Source records:

:::::

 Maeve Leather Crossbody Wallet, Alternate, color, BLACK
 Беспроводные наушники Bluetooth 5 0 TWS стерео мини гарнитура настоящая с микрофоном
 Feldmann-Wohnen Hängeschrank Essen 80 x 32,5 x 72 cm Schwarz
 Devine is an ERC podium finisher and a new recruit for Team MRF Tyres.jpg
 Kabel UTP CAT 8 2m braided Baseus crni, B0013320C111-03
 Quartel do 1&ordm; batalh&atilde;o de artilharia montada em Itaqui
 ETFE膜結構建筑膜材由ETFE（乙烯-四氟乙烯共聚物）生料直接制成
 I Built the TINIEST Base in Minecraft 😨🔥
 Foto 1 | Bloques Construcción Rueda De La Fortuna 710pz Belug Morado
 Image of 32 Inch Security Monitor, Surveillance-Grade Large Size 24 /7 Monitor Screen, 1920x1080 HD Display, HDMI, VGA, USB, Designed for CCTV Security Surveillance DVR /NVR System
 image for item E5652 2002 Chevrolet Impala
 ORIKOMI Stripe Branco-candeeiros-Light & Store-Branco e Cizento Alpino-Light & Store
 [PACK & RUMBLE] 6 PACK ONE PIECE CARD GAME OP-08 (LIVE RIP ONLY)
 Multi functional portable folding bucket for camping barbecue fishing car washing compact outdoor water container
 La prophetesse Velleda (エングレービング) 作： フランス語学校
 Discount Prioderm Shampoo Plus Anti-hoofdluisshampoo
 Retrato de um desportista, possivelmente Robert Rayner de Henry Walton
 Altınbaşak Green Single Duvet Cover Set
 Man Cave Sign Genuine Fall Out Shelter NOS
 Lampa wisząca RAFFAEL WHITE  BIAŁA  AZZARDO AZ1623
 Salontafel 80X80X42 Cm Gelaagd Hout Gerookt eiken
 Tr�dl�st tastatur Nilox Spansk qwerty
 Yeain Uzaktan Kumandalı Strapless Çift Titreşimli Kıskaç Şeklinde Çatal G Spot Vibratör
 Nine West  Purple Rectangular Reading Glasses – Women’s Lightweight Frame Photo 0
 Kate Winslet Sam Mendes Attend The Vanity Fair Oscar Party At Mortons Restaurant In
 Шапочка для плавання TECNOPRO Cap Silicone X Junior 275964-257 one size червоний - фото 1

:::::

• _Problem to work on_: Write out all the entries exactly.

• _Written solution_:
 Maeve Leather Crossbody Wallet, Alternate, color, BLACK
 Беспроводные наушники Bluetooth 5 0 TWS стерео мини гарнитура настоящая с микрофоном
 Feldmann-Wohnen Hängeschrank Essen 80 x 32,5 x 72 cm Schwarz
 Devine is an ERC podium finisher and a new recruit for Team MRF Tyres.jpg
 Kabel UTP CAT 8 2m braided Baseus crni, B0013320C111-03
 Quartel do 1&ordm; batalh&atilde;o de artilharia montada em Itaqui
 ETFE膜結構建筑膜材由ETFE（乙烯-四氟乙烯共聚物）生料直接制成
 I Built the TINIEST Base in Minecraft 😨🔥
 Foto 1 | Bloques Construcción Rueda De La Fortuna 710pz Belug Morado
 Image of 32 Inch Security Monitor, Surveillance-Grade Large Size 24 /7 Monitor Screen, 1920x1080 HD Display, HDMI, VGA, USB, Designed for CCTV Security Surveillance DVR /NVR System
 image for item E5652 2002 Chevrolet Impala
 ORIKOMI Stripe Branco-candeeiros-Light & Store-Branco e Cizento Alpino-Light & Store
 [PACK & RUMBLE] 6 PACK ONE PIECE CARD GAME OP-08 (LIVE RIP ONLY)
 Multi functional portable folding bucket for camping barbecue fishing car washing compact outdoor water container
 La prophetesse Velleda (エングレービング) 作： フランス語学校
 Discount Prioderm Shampoo Plus Anti-hoofdluisshampoo
 Retrato de um desportista, possivelmente Robert Rayner de Henry Walton
 Altınbaşak Green Single Duvet Cover Set
 Man Cave Sign Genuine Fall Out Shelter NOS
 Lampa wisząca RAFFAEL WHITE  BIAŁA  AZZARDO AZ1623
 Salontafel 80X80X42 Cm Gelaagd Hout Gerookt eiken
 Tr�dl�st tastatur Nilox Spansk qwerty
 Yeain Uzaktan Kumandalı Strapless Çift Titreşimli Kıskaç Şeklinde Çatal G Spot Vibratör
 Nine West  Purple Rectangular Reading Glasses – Women’s Lightweight Frame Photo 0
 Kate Winslet Sam Mendes Attend The Vanity Fair Oscar Party At Mortons Restaurant In
 Шапочка для плавання TECNOPRO Cap Silicone X Junior 275964-257 one size червоний - фото 1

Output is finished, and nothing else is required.